=== WORK INSTRUCTION ===
Every entry below is to be copied word for word, with its pictures removed.
* * * * * * *
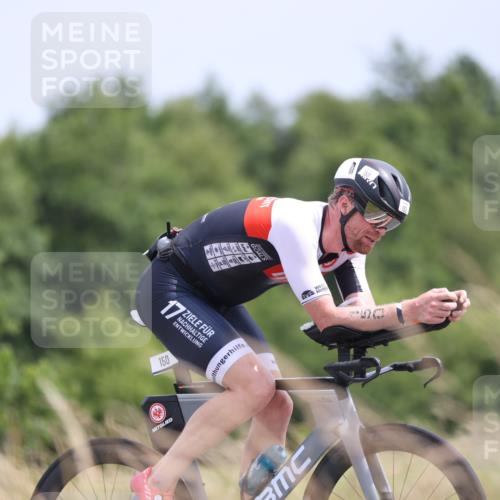 22.06.2025 - Viking Triathlon Yannick Fuchs http://msf.ph/oto/8087214 22.06.2025 12:57:47 Radfahren 150, 638 meine-sportfotos.de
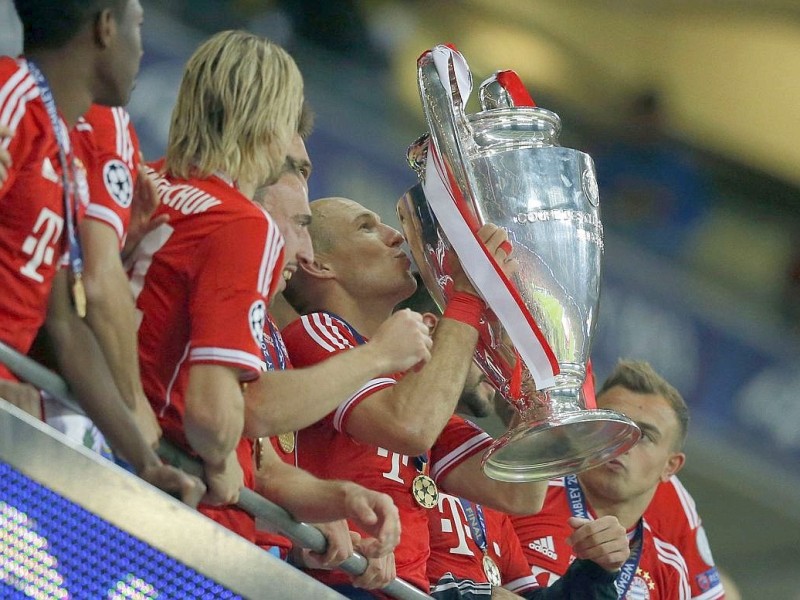 Zwölf Monate nach der Final-Schmach dahoam hat der FC Bayern München Europas Fußball-Thron zurückerobert. Der deutsche Meister siegte am Samstag im Champions League-Finale gegen den nationalen Erzrivalen Borussia Dortmund mit 2:1 (0:0) und krönte seine Saison der Superlative mit dem zweiten Gewinn der Königsklasse nach 2001. Nach dem Trauma der Final-Niederlagen von 2010 und 2012 stillten Treffer von Mario Mandzukic (60. Minute) und Arjen Robben (89.) vor 86 298 Zuschauern im ausverkauften Londoner Wembley-Stadion die Sehnsucht der Münchner nach einem internationalen Titel.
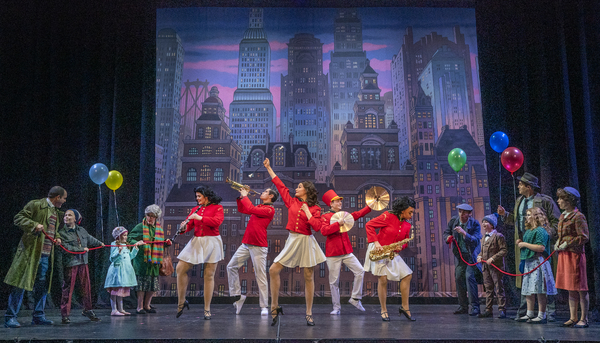 Photo Flash: First Look at MIRACLE ON 34TH STREET at the Argyle Theatre Image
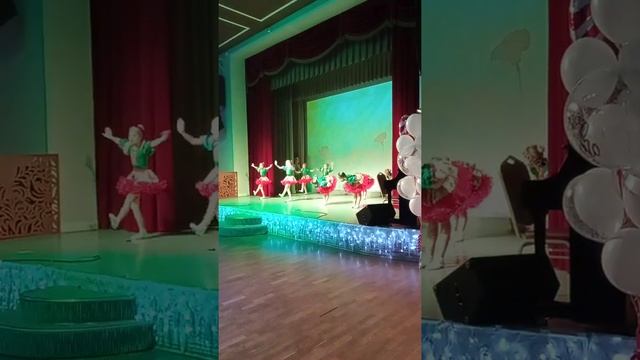 ансамбль "Ритмы века" танец "Маков цвет", 2021 год смотреть онлайн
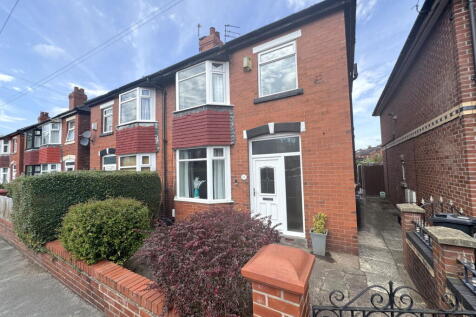 Sherbourne Road, Cheadle Heath 3 bed semi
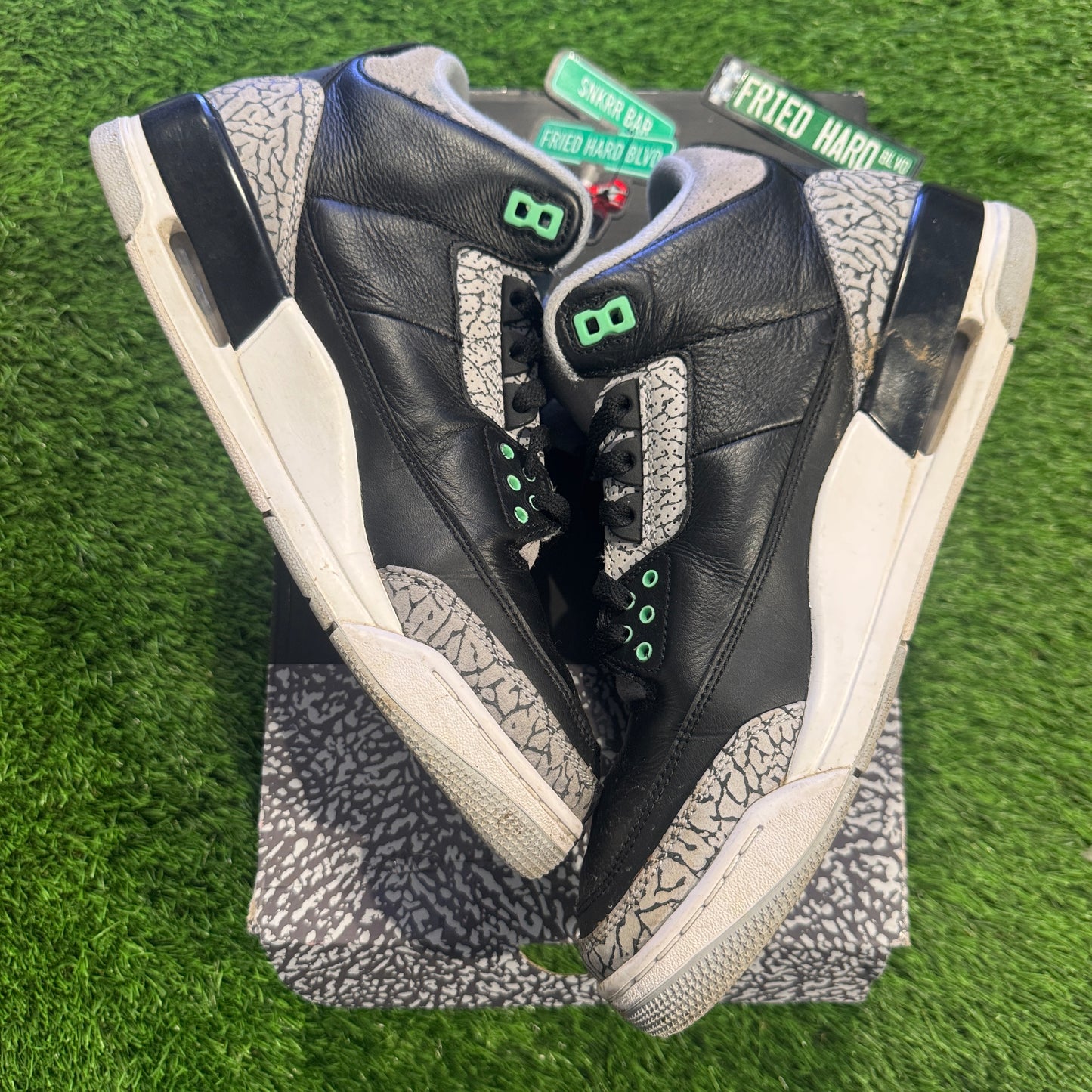 Air Jordan 3 Retro 'Green Glow'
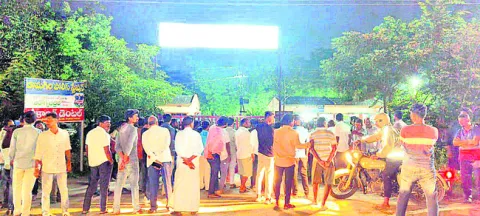 ఠాణా ఎదుట బీఆర్‌ఎస్‌ ఆందోళన
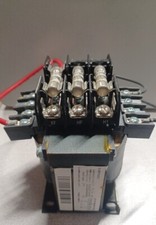 SQUARE D 9070TF300D1 INDUSTRIAL CONTROL TRANSFORMER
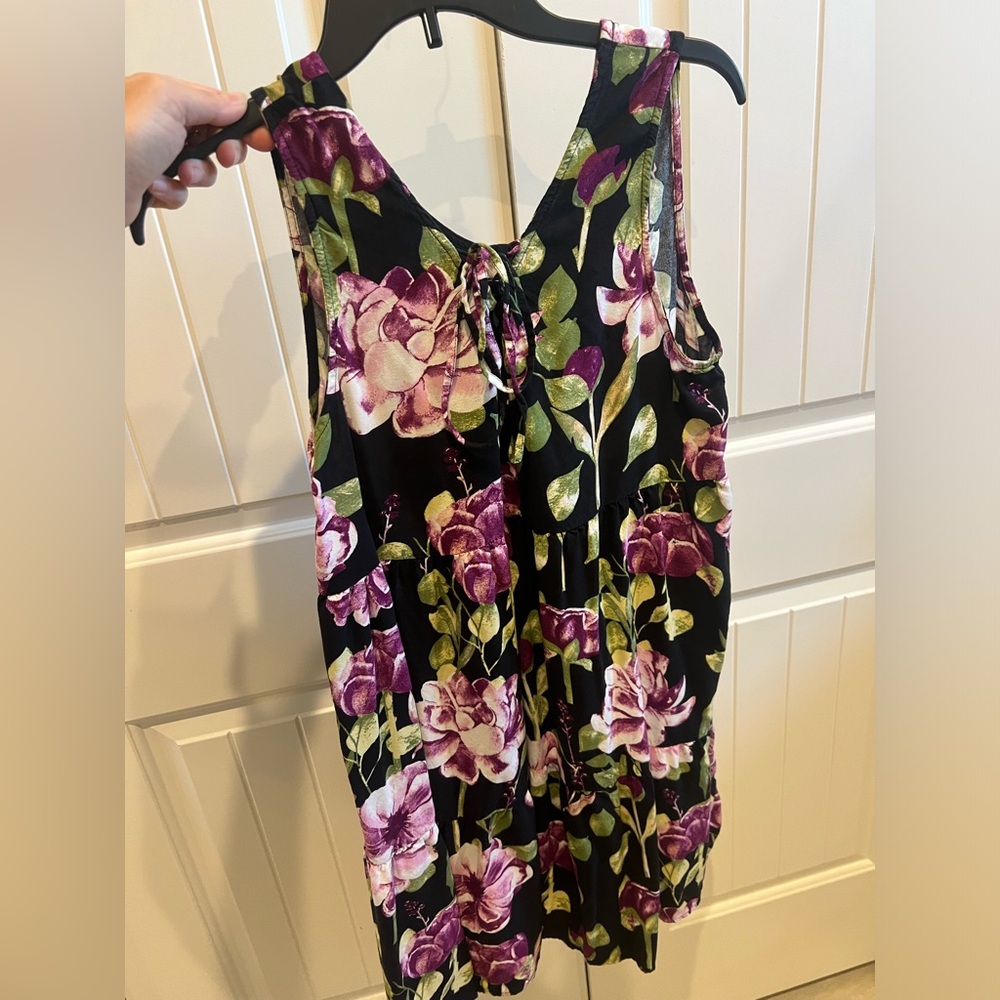 Floral summer dress. Purple and black. Laced top.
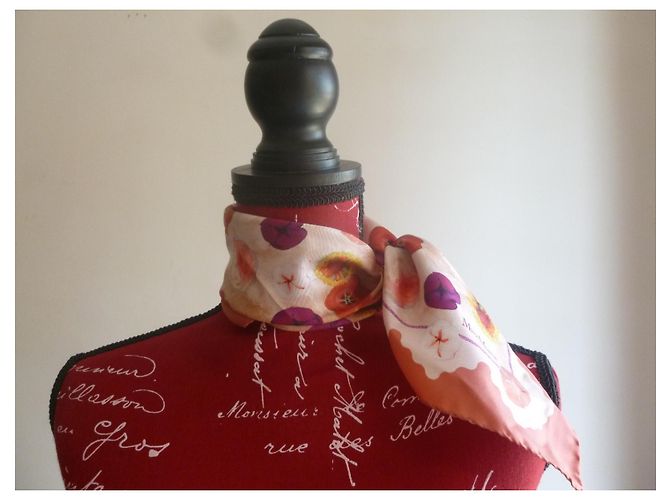 Fular de sarga de seda pura a estrenar MAX MARA. Rosa Púrpura Melocotón - vista 8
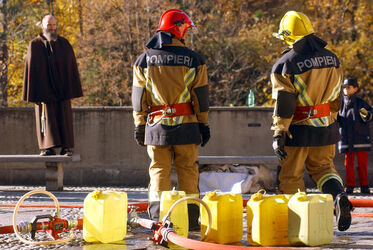 Orselina esercitazione Pompieri alla Madonna del Sasso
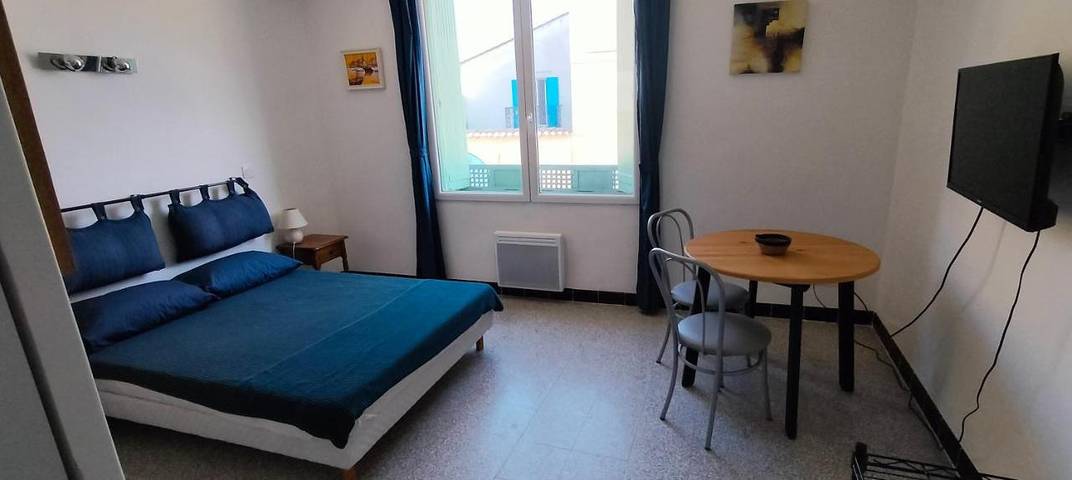 Gîte pour 2 personnes, avec bassin pour enfant à Charleval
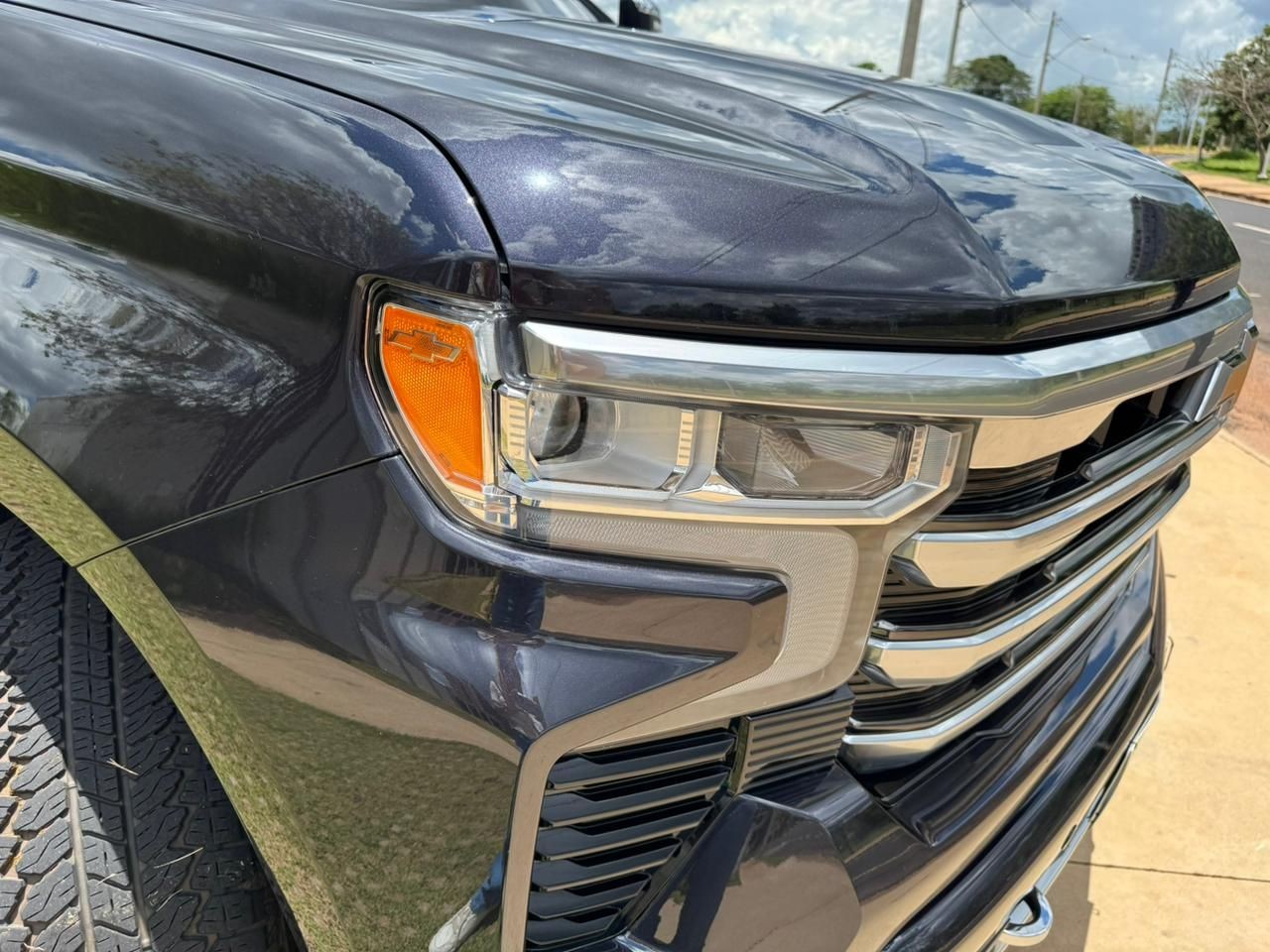 CHEVROLET SILVERADO 5.3 V8 1500 HIGH COUNTRY 4X4 2024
* * * * * * *
=== RESPONSE FOR THIS EXERCISE ===
 22.06.2025 - Viking Triathlon Yannick Fuchs http://msf.ph/oto/8087214 22.06.2025 12:57:47 Radfahren 150, 638 meine-sportfotos.de
 Zwölf Monate nach der Final-Schmach dahoam hat der FC Bayern München Europas Fußball-Thron zurückerobert. Der deutsche Meister siegte am Samstag im Champions League-Finale gegen den nationalen Erzrivalen Borussia Dortmund mit 2:1 (0:0) und krönte seine Saison der Superlative mit dem zweiten Gewinn der Königsklasse nach 2001. Nach dem Trauma der Final-Niederlagen von 2010 und 2012 stillten Treffer von Mario Mandzukic (60. Minute) und Arjen Robben (89.) vor 86 298 Zuschauern im ausverkauften Londoner Wembley-Stadion die Sehnsucht der Münchner nach einem internationalen Titel.
 Photo Flash: First Look at MIRACLE ON 34TH STREET at the Argyle Theatre Image
 ансамбль "Ритмы века" танец "Маков цвет", 2021 год смотреть онлайн
 Sherbourne Road, Cheadle Heath 3 bed semi
 Air Jordan 3 Retro 'Green Glow'
 ఠాణా ఎదుట బీఆర్‌ఎస్‌ ఆందోళన
 SQUARE D 9070TF300D1 INDUSTRIAL CONTROL TRANSFORMER
 Floral summer dress. Purple and black. Laced top.
 Fular de sarga de seda pura a estrenar MAX MARA. Rosa Púrpura Melocotón - vista 8
 Orselina esercitazione Pompieri alla Madonna del Sasso
 Gîte pour 2 personnes, avec bassin pour enfant à Charleval
 CHEVROLET SILVERADO 5.3 V8 1500 HIGH COUNTRY 4X4 2024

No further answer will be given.